English Abstract The Buddha gave up the realization of the Buddhist Dharma within secular society and attempted to realize it within the confines of the Sangha. This historical fact causes the arising of the concern as to whether the realization of the Pure-land in the secular world is a kind of contradictory intellectual construct. However this intellectual construct is one that can be easily dissipated by a single resolute Buddhist. An actual example of this can be seen in Dharma Master Sheng-yen. This is done through strict self-discipline，and moreover，a praxis of flexibility in regard to society.
With this in mind，I would like to broadly examine actual examples of Zen Buddhism，the Nenbutsu (nian-fo)，and the maintenance of the Precepts as found in the history of Zen Buddhism and elucidate the limits of and possibilities there within. My methodology will begin by examining relevant issues of praxis found in the various events in the early Zen-school from the Bodhidharma onward. I particularly have focused on the relation between the precepts and the Nenbutsu.
In conclusion，it is a fact that there are many mixed motives and methods which cannot be placed into a simplistic doctrinal and developmental perspective.
The reason for this is that there are two conflicting or contradicting purposes：the sect of Zen Buddhism as a primarily elite group of resolute monks, and secondarily the goal of salvation for the masses, common monks and those who are socially disadvantaged.
This structural contradiction，however，increases internal energy and was the cause for the continuing development of a new and vibrant Buddhism.
On one hand，even if the pitfall of degeneration (into secular demands) awaits, Buddhism holds that the reason for the problems of actual society are based on desire and attachment.

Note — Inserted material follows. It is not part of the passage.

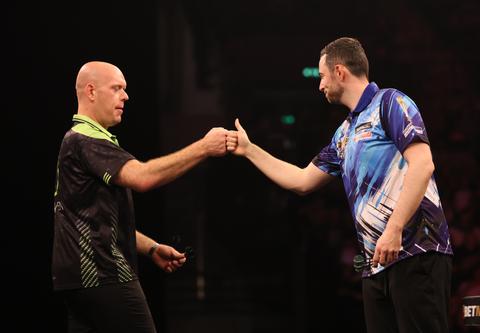 Topdarter Michael van Gerwen wint Nordic Darts Masters, verliezer klaagt: 'We zijn dit nu wel beu'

Even if this overcoming is fundamentally left up to individual endeavors, the difficulty in achieving this overcoming must not be blamed on intellectual lethargy. That which cuts through the everyday is most likely not lofty idealism，but rather common resolve and the desire to maintain and practice this. For this reason it is necessary to think out the development of a new ideal for the Sangha, which must deal with society-at-large and think of a concrete method for realizing this (ideal). The fruits of Dharma Master Sheng-yen's practice confirm this fact.